HELICAL CRYSTALLIZATION OF SOLUBLE AND MEMBRANE BINDING PROTEINS

Helical protein arrays offer unique advantages for structure determination by cryo-electron microscopy (cryo-EM). A single image of such an array contains a complete range of equally spaced molecular views of the underlying protein subunits, which allows a low-resolution, isotropic three-dimensional (3D) map to be generated from a single helical tube without tilting the sample in the electron beam as is required for two-dimensional (2D) crystals. Averaging many unit cells from a number of similar tubes can improve the signal-to-noise ratio and consequently, the quality of the 3D map. This approach has yielded reconstructions that approach atomic resolution [Miyazawa et al., 1999, 2003; Sachse et al., 2007; Unwin, 2005; Yonekura et al., 2005]. Proteins that naturally adopt helical protein arrays, such as actin and microtubules, have been studied for decades. The wealth of information on how proteins bind and move along these cytoskeletal tracks, provide cross-talk between tracks, and integrate into the cellular machinery is due, in part, to multiple EM studies of the helical assemblies. Since the majority of proteins do not spontaneously form helical arrays, the power of helical image analysis has only been realized for a small number of proteins. This chapter describes the use of functionalized lipid nanotubes and liposomes as substrates to bind and form helical arrays of soluble and membrane-associated proteins.

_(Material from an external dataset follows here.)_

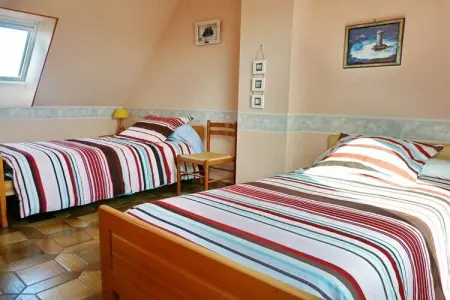 266459, Maison de vacances à Plouhinec avec terrasse - Photo 9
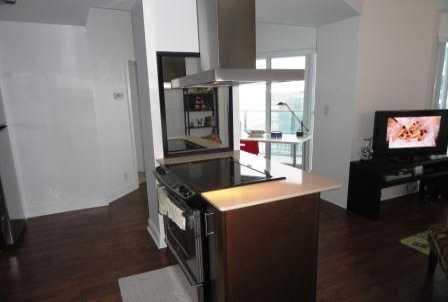 shterm - 60 Absolute Ave, Condo with 2 bedrooms, 1 bathrooms and 1 parking in Mississauga ON | Image 5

An Improved Model for Dynamin Assembly Revealed by Cryo-EM

Dynamin is a multidomain GTPase that assembles into collar-like structures at the necks of deeply invaginated coated pits during the final stages of clathrin-mediated endocytosis (CME) and catalyzes membrane scission. Assembly of purified dynamin tetramers in vitro yields helical structures comparable to those observed in vivo. The formation of these oligomers stimulates dynamins basal GTP hydrolysis >100-fold. Mutational analysis indicates that dynamins stimulated GTP hydrolysis is required for CME; however, mounting evidence suggests that this activity causes disassembly of the dynamin collar rather than direct membrane severing. Despite recent structural studies showing that stimulated hydrolysis arises from the transition-dependent dimerization of dynamins catalytic G domains, little is known about the conformational changes that precede and/or result from this interaction in the context of the polymer. Specifically, it is unclear how the G domains are properly oriented, which subunits associate, and how catalysis triggers dissociation of the pleckstrin homology (PH) domain at the membrane surface. Much of this ambiguity can be attributed to the low resolution (>20A) of previous dynamin polymer models and the absence of a complete dynamin tetramer crystal structure. To clarify these issues, we have used cryo-EM and iterative helical real space refinement to generate an 11A reconstruction of a truncated form of dynamin (ΔPRD) in the assembled, GMPPCP-bound state. This map reveals new structural characteristics including a twisted, interlacing interaction that stabilizes the middle/GED stalk and a previously uncharacterized density feature adjacent to the exterior GTPase head. Computational docking of crystallized dynamin fragments reveals the location and connectivity of different domains within the assembled polymer. Chemical crosslinking experiments also provide new insights into the architecture and organization of dynamin tetramer. These data have important implications regarding the conformational changes associated with dynamin catalyzed GTP hydrolysis and membrane fission.